■ GOAL OF THE EXERCISE
When you find the line with "Clematis Extract 450mg" among the records below, reproduce it and each line after it exactly, ending with the line with "Cama box spring".

■ RECORDS TO PROCESS

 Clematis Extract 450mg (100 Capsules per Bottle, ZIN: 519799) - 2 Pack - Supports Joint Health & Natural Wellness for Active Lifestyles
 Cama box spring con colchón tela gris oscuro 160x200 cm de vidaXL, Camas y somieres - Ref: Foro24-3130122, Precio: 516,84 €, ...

---

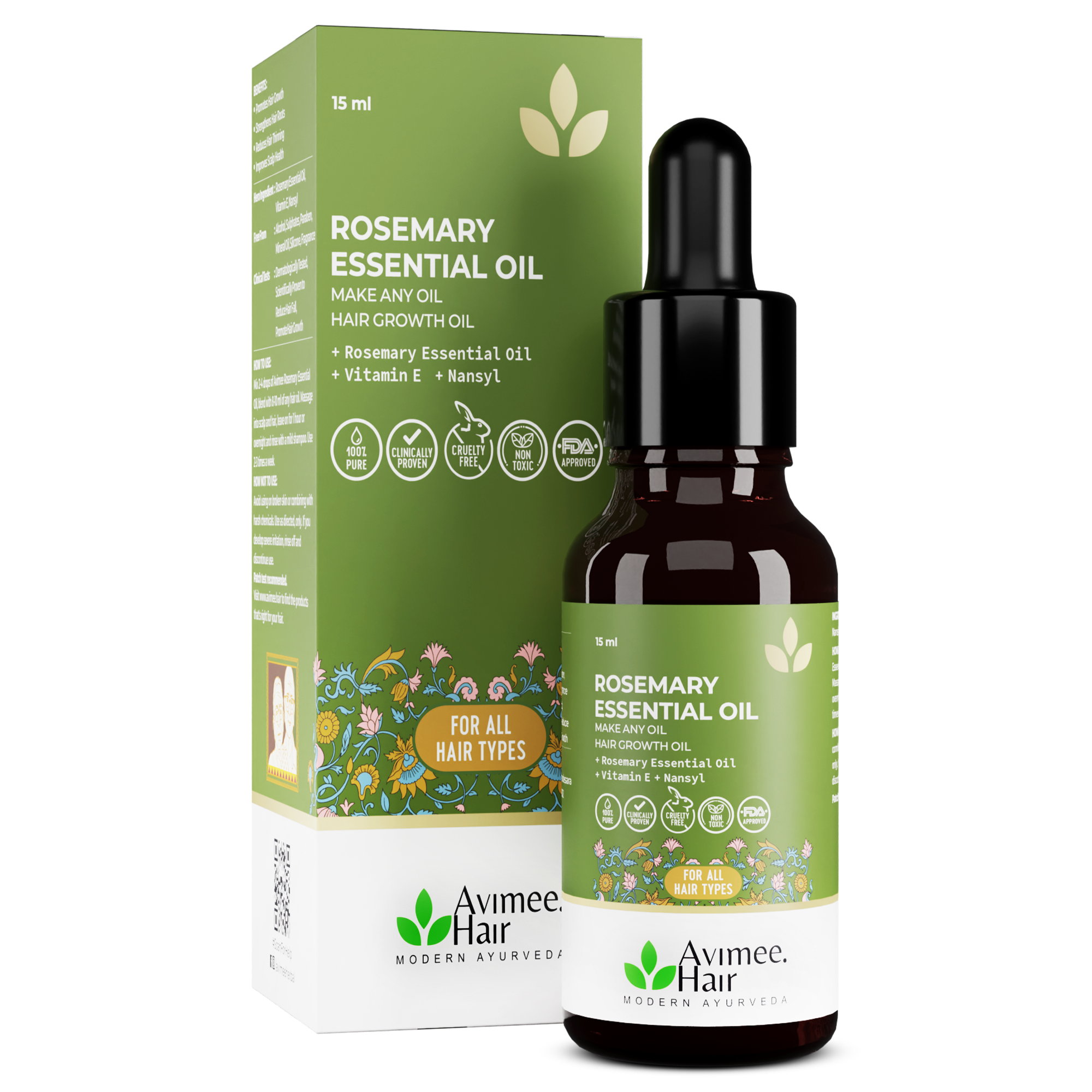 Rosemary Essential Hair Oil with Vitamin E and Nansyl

■ ANSWER SECTION
 Clematis Extract 450mg (100 Capsules per Bottle, ZIN: 519799) - 2 Pack - Supports Joint Health & Natural Wellness for Active Lifestyles
 Cama box spring con colchón tela gris oscuro 160x200 cm de vidaXL, Camas y somieres - Ref: Foro24-3130122, Precio: 516,84 €, ...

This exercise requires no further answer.